Published online by Cambridge University Press: 05 June 2012
Overview
Francophone Africa south of the Sahara includes some seventeen different countries and stretches across almost a thousand miles of territory from the desert landscapes of Mauritania in the north-west to the equatorial forests of Congo in the south. Such diversity in climate, landscape, population and traditions argues against any attempt to present the region as a single unit when considering its literature. Even when approached as individual countries each with a supposedly ‘national’ literature, the question of diversity remains problematic. The countries granted independence by France or Belgium from the late 1950s onwards exist within boundaries that often reflect arbitrary colonial administrative habits and ignore pre-colonial patterns of tribal settlement. The border between francophone Togo and anglophone Ghana, for example, traverses the territories inhabited by Ewe-speaking tribes splitting communities down the middle. So in many cases the notion of nationhood began as an aspirational label rather than as an accurate description of any underlying political unity.

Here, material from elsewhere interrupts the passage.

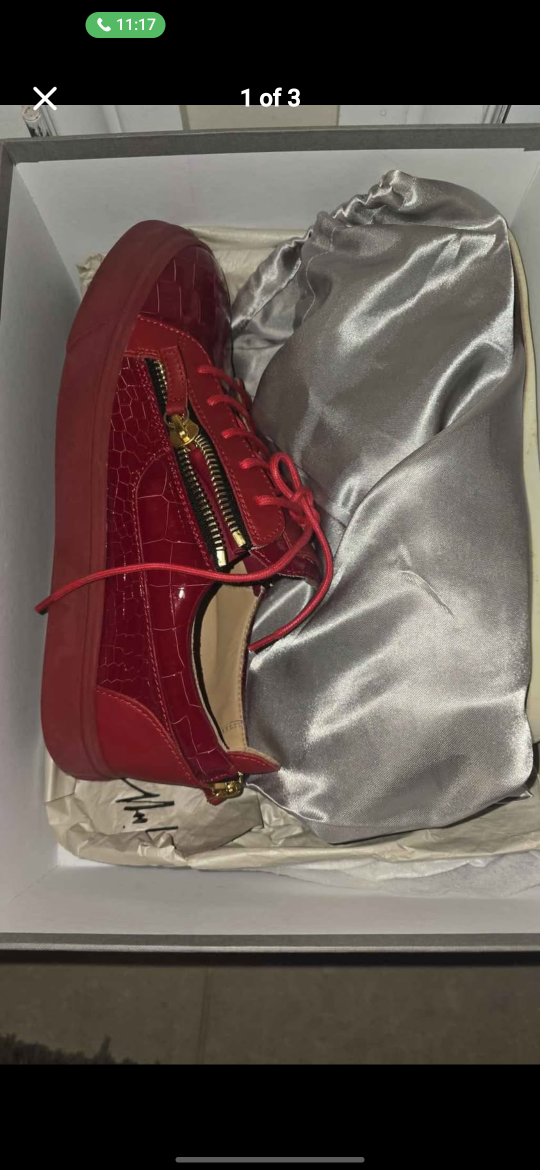 Giuseppe Zanotti Red Leather Sneakers - photo 2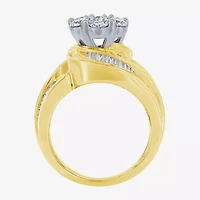 Diamond Blossom Womens 4 CT. T.W. Natural White 14K Gold Cluster Cocktail Ring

Moreover, the linguistic, ethnic and tribal diversity that exists within national boundaries has proved to be one of the key reasons why French has continued to enjoy such a prominent role as the official language of government, the judicial system and education. In many countries no single African language is spoken by sufficient numbers of people to allow it to serve as the national language, but even where dominant African languages exist, promoting any one of these to the status of national language could be seen as politically divisive since it could appear to be a way of promoting the interests of a particular tribe to the detriment of others.